Male Entrepreneurs Securing More Investments

According to a recent research by the Women’s Business Council and Deloitte, it was identified that the proportion of women entrepreneur fell in 2014 despite a large number of registrations by new companies. Lack of female angel investors is also a contributing factor as most of the angel investments are still controlled by men. In a study of 220 UK startups by Startup DNA, it was revealed that male founders are 59 percent more likely to secure investments than females.

Angel Investing – Tides are Changing

However, the tides are changing. In a report issued by the UK Business Angels Association and the Center for Entrepreneurs, women now represent one in seven angel investors in the UK, which is twice as much as it was observed in 2008. Similarly, in the U.S., the number of female investors has increased from 20,000 in 2005 to around 60,000 in 2014.

More opportunities are being created for women and its source is the ever growing awareness among angel investors about the fact that startups with female founders are good investments. Moreover, women are also becoming aware of their potential to be a successful entrepreneur, whereby, they no more have to clean other people’s mess and can instead focus on materializing their own goals. Jeffery E. Sohl, director of the Center for Venture Research, said that while a percentage is still low, a large number of women-led organizations are getting angel funds. He is hopeful that this trend will continue to grow, as more women are getting degrees in engineering, technology, and science.
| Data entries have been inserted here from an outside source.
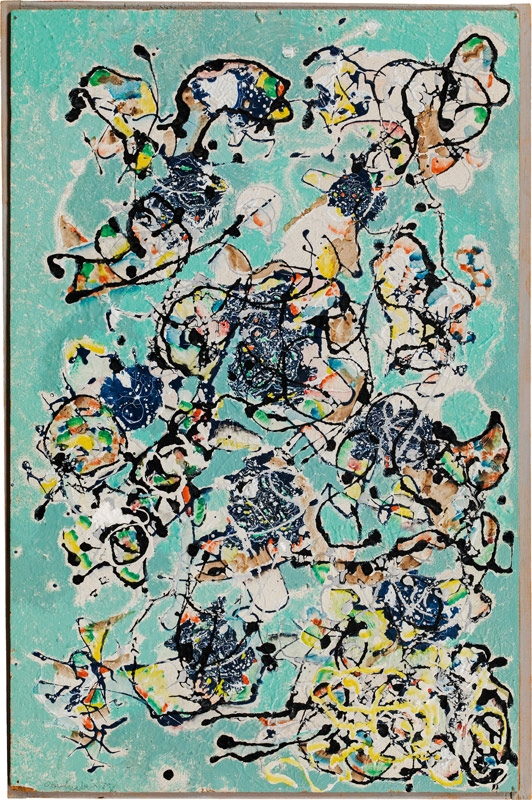 Artwork by Oswald Oberhuber, O.T., Made of mixed media on hardboard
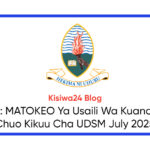 PDF MATOKEO Ya Usaili Wa Kuandika Chuo Kikuu Cha UDSM July 2025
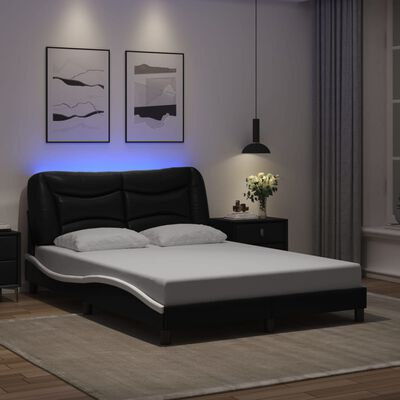 vidaXL Bedframe met LED-verlichting kunstleer zwart en wit 140x190 cm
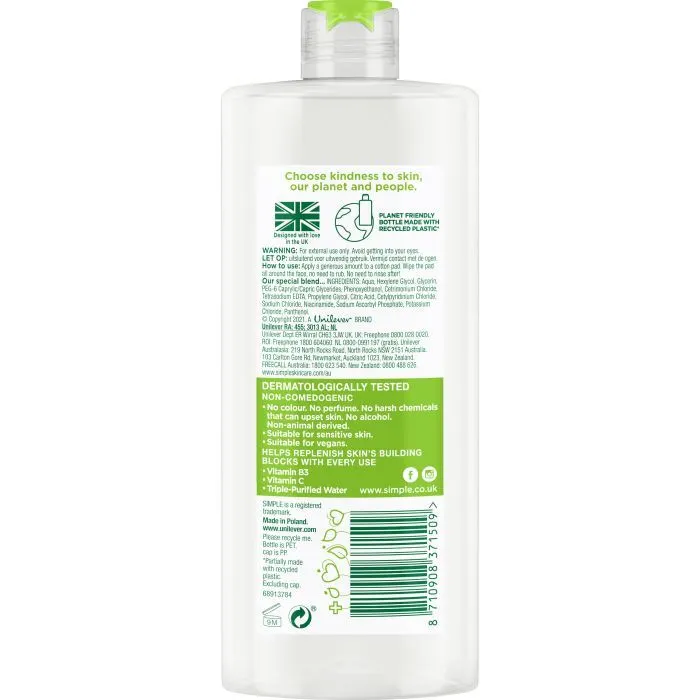 Мицеллярная вода Simple Micellar Water Vitamin B3+C 400 мл (8710908371509) изображение 2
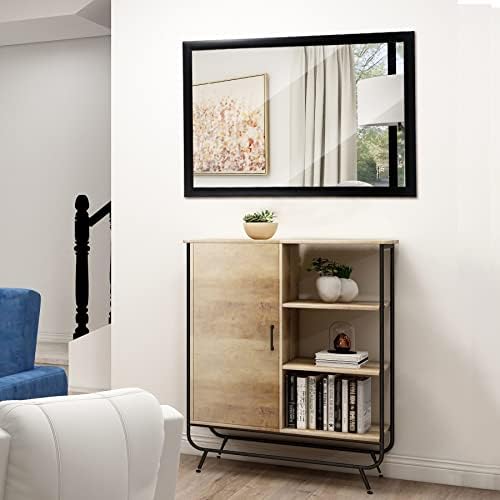 ZenStyle 24x36 Black Metal Framed Bathroom Mirror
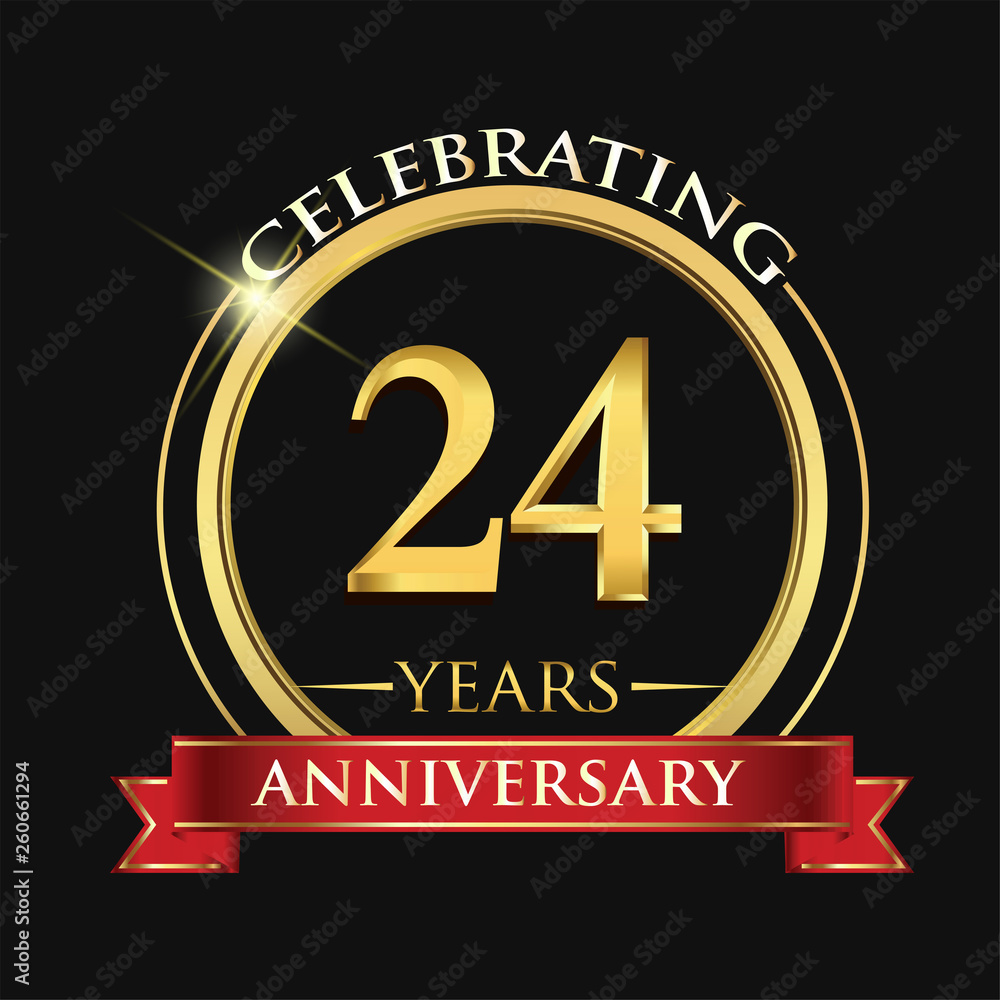 Celebrating 24 years anniversary logo. with golden ring and red ribbon. Stock Vector Adobe Stock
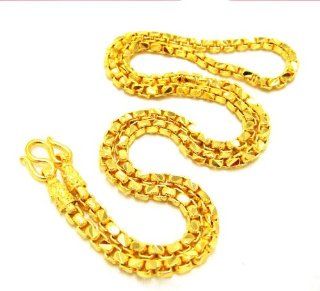 Chain 22K 23K 24K THAI BAHT GOLD GP NECKLACE 24" Jewelry N 80 Dangle Earrings Jewelry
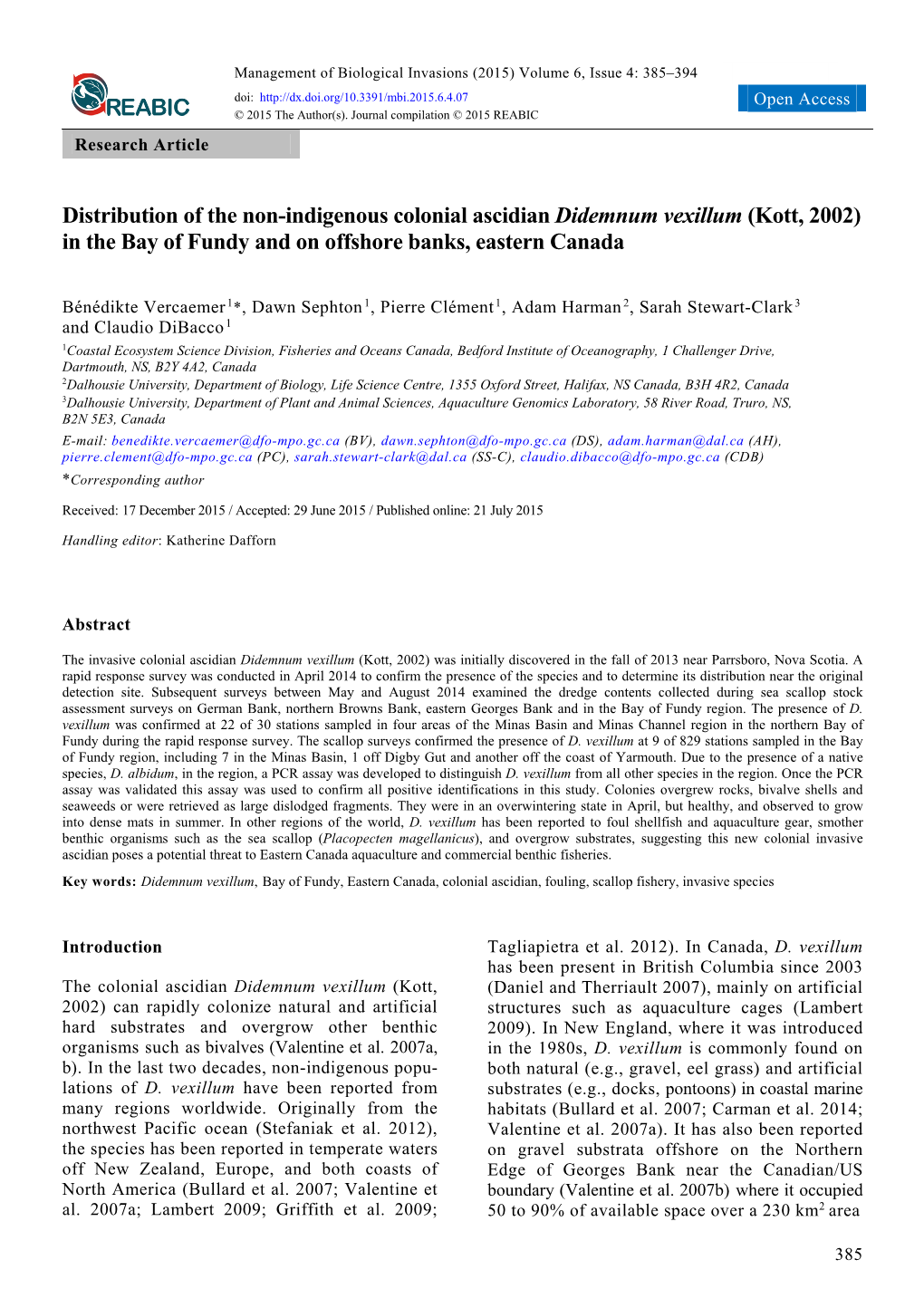 (Kott, 2002) in the Bay of Fundy and on Offshore Banks, Eastern Canada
A senior fellow at the Kauffman Foundation and Founder of Next Wave Ventures, Alicia Robb, gave credit to the women entrepreneur role models who are paving a way for other women and showing how they overcame the obstacles despite the challenges. In 2015, 29 percent of the entrepreneurs, who sought funding, were women and 24 percent of the angel backed companies had female founders. According to a report by the BMO Wealth Institute, 51 percent of the personal wealth, U$S 14 trillion, in the United States are currently controlled by women and the amount is expected to rise up to $22 trillion by 2020.

Although, angel investing has always been dominated by male investors, the media has begun to play its part. For example, TV shows, such as Shark Tank, are familiarizing women with angel investing. Robb also said that angel groups have put in a lot of effort to reach and engage women. One example is Astia and Golden Seeds. They are focused on connecting investors to invest in startups with female founders. During the last five years, different organizations, including Pipeline Angels, 37 Angels and Female Funders have also joined them, and it has expanded from 21 cities in 2015 to 33 cities in 2016.